A friend and fellow Tolkien fan sent me the link to this article a few days ago, and I was baffled and chilled by it. Now, I don't quite buy into it myself, but it raises some very interesting theories that I found worthy of note and contemplation. The thesis? Tom Bombadil is not the ultimate Neutral Good. He's the ultimate evil, forerunner to even Sauron and Melkor.
So what proofs does this author have? Titled "Oldest and Fatherless: The Terrible Secret of Tom Bombadil", the article seeks to paint a portrait of Bombadil that is far from his perceived self. There are some really good and chilling points; and then there are some points that are incorrect. First, the author claims that no one has ever heard of Bombadil, and that this enhances his creepy enigma. The author states that
"By his own account (and by Elrond’s surprisingly sketchy knowledge) Bombadil has lived in the Old Forest since before the hobbits came to the Shire. Since before Elrond was born. Since the earliest days of the First Age.Well, while there may not be a huge amount of knowledge on him, the assertion that no one knows about him or has ever heard about him isn't quite the case. Tolkien's notes even go so far as to list the different names Bombadil has among the races-- his Sindarin name is Iarwain Ben-adar (Eldest and Fatherless). Dwarves call him Forn, Men Orald. You can find these listings in the Middle-Earth dictionary or in notes from Tolkien's appendices. And while Frodo and Merry surely do have much lore, it is doubtful that they have even as much lore as this kind of research would require, having limited resources from which to study. So this point does not really stand on a leg.
And yet no hobbit has ever heard of him.
If Bombadil has indeed lived in the Old Forest all this time – in a house less than twenty miles from Buckland – then it stands to reason that he has never appeared to a single hobbit traveler before, and has certainly never rescued one from death. In the 1400 years since the Shire was settled."
However, there are some other points that the author raises that are a little more thought-provoking. For example,
"Bombadil implies (but avoids directly stating) that he had heard of their coming from Farmer Maggot and from Gildor’s elves (both of whom Frodo had recently described). But that also makes no sense. Maggot lives west of the Brandywine, remained there when Frodo left, and never even knew that Frodo would be leaving the Shire."
"There is a boundary around Bombadil’s country that he cannot or will not pass, something that confines him to a narrow space. And in return, no wizard or elf comes into his country to see who rules it, or to disturb the evil creatures that gather under his protection."Is it a boundary?
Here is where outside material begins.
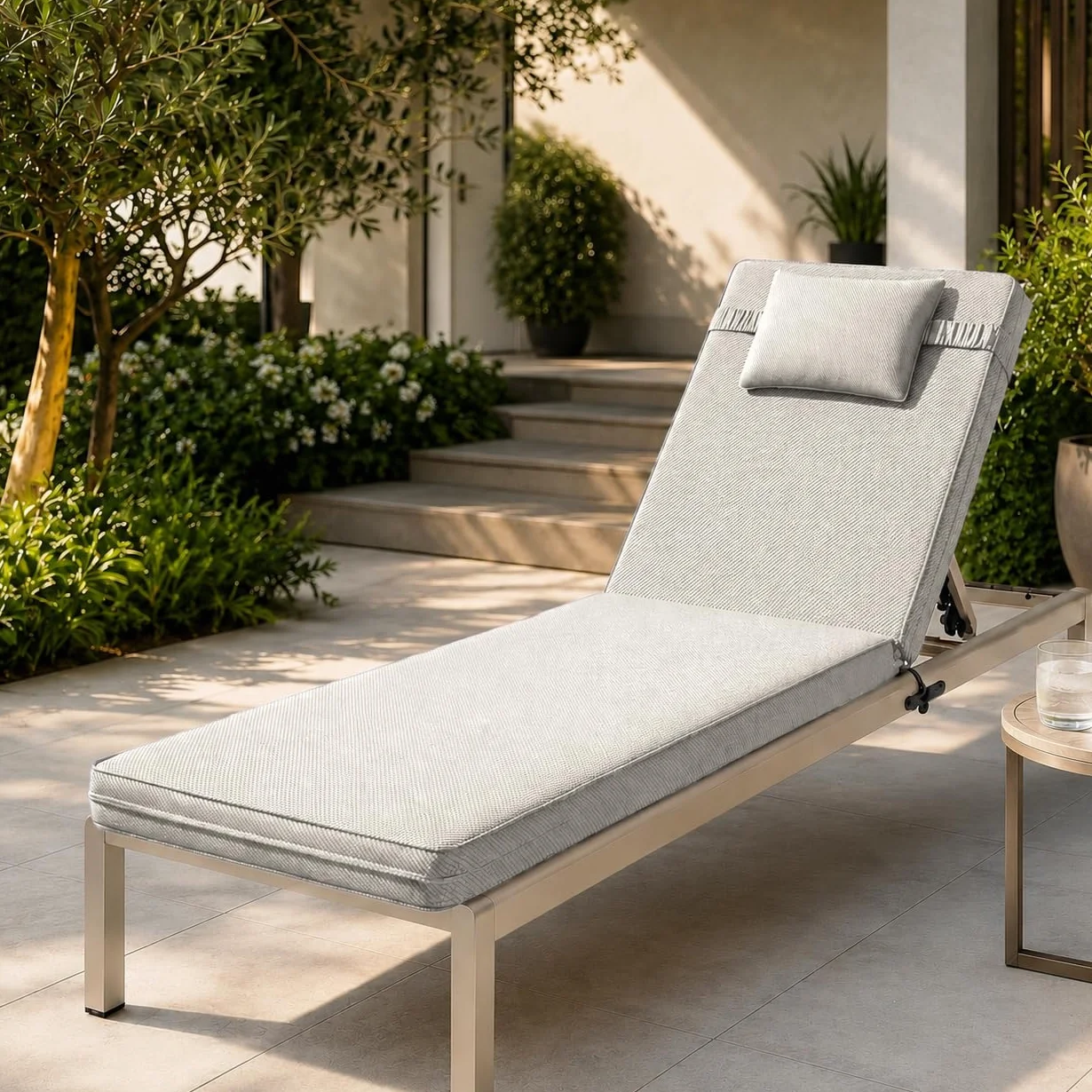 MANEMI Cojín para Tumbona 190x57x8cm Acolchado Espuma Desenfundable Cremallera Poliéster Resistente Cintas Sujeción Jardín Terraza Piscina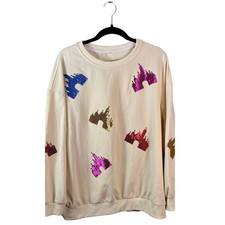 Disney Inspired Castle Sequin Oversized Sweatshirt Women's XL Cream Streetwear picture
Or is it a cage?
There are many other points the author raises, including the state of Bombadil's realm being filled with horrible, angry trees and wights, the imprint of the dweller's nature on their surroundings, as well as Bombadil's clear power as of yet unused in the banishment of these evil things. The way the One Ring of Power does not affect him is held suspicious. The fact that Gandalf raises so many reasons against giving the Ring to Bombadil for protection, all of which seem slightly odd. Goldberry is actually the human embodiment of a huorn, a malcontented tree, depicted as she is like a willow, the same kind of tree that had just tried to eat the hobbits before Bombadil came to their rescue. Etc. etc., so on and so forth.
Do I believe that this is the case as either meant by Tolkien or not meant but accidentally stumbled upon? Not really. It is indeed possible that Bombadil is the ultimate evil, allowing others to do his work in defeating his only rival, Sauron, for mastery of Middle-Earth, and that he is merely biding his time until the elves and wizards leave for the Grey Havens to pounce upon the unsuspecting denizens remaining. But at the same time, I think it more likely that he is simply the forgetful, wood-minded being that he is. He is so far above the normal 'realm' of living that it barely touches him, and as such, if he were entrusted with the Ring, he'd forget about it, as Gandalf said. What cares he for the struggles and machinations of men and elves and dwarves and wizards? Goldberry is waiting and there are songs to sing in the wood.
Still, it's an interesting perspective. What do you think about our jolly-hearted friend?